Work instruction -> Please reproduce every record exactly as written, leaving out the pictures.

··· Data to use ···

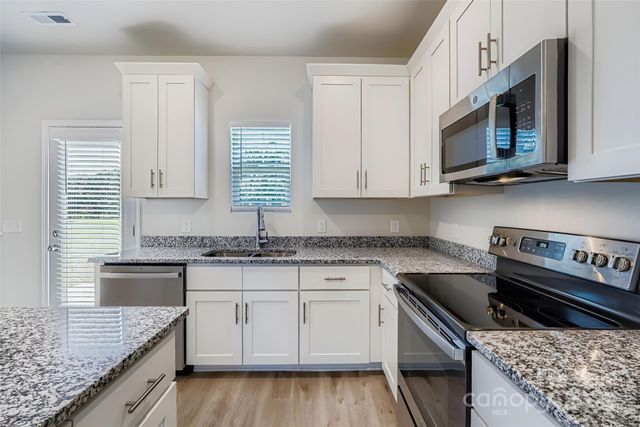 102 Red Cedar Lane, Statesville, NC 28625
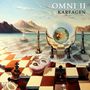 Text: "OMNI II KARFAGEN". Surrealistische Szene mit Schachfiguren, Maske und Weltkugel auf Schachbrett am Meer.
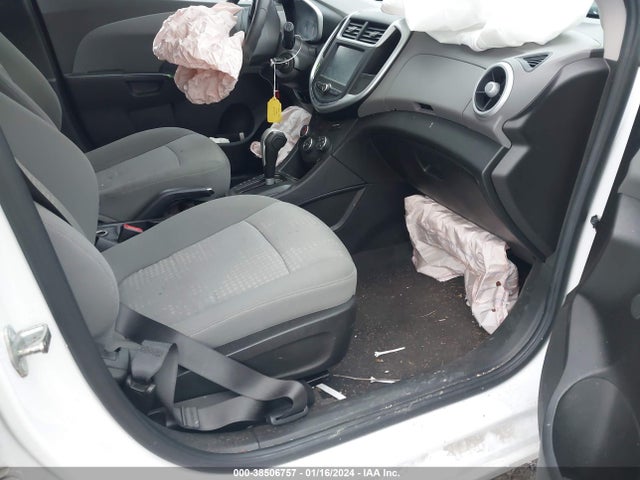 Chevrolet Sonic Lt Auto 2017 1G1JG6SH2H4155166 Image 5
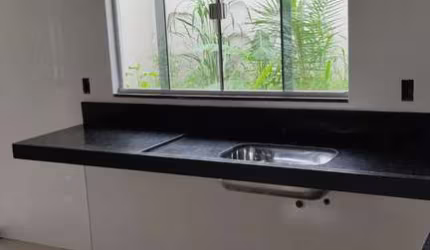 Casa 3 quartos no Residencial Itaipu Casa de Rua com 3 Quarto(s) e 1 banheiro(s) à Venda, 100 por R$ 330.000 no setor Residencial Itaipu TA20182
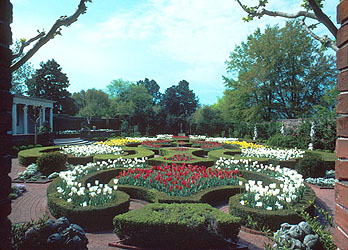 Tryon Palace (1770) in Maude Moore Latham Memorial Gardens in New Bern ...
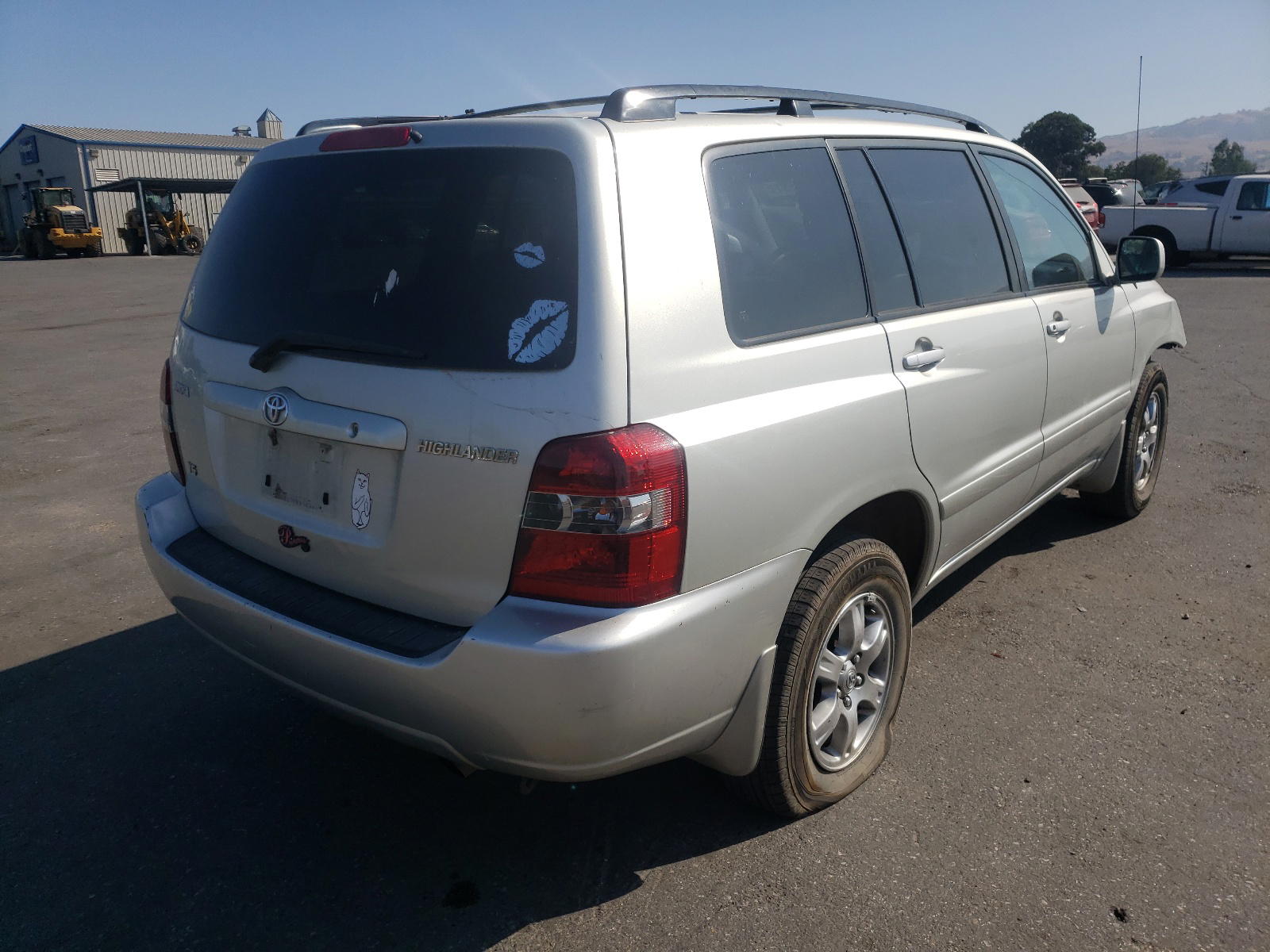 Photo 4 from auction – 2005 TOYOTA HIGHLANDER with VIN JTEGP21A850050905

···

Result ->
 102 Red Cedar Lane, Statesville, NC 28625
 Text: "OMNI II KARFAGEN". Surrealistische Szene mit Schachfiguren, Maske und Weltkugel auf Schachbrett am Meer.
 Chevrolet Sonic Lt Auto 2017 1G1JG6SH2H4155166 Image 5
 Casa 3 quartos no Residencial Itaipu Casa de Rua com 3 Quarto(s) e 1 banheiro(s) à Venda, 100 por R$ 330.000 no setor Residencial Itaipu TA20182
 Tryon Palace (1770) in Maude Moore Latham Memorial Gardens in New Bern ...
 Photo 4 from auction – 2005 TOYOTA HIGHLANDER with VIN JTEGP21A850050905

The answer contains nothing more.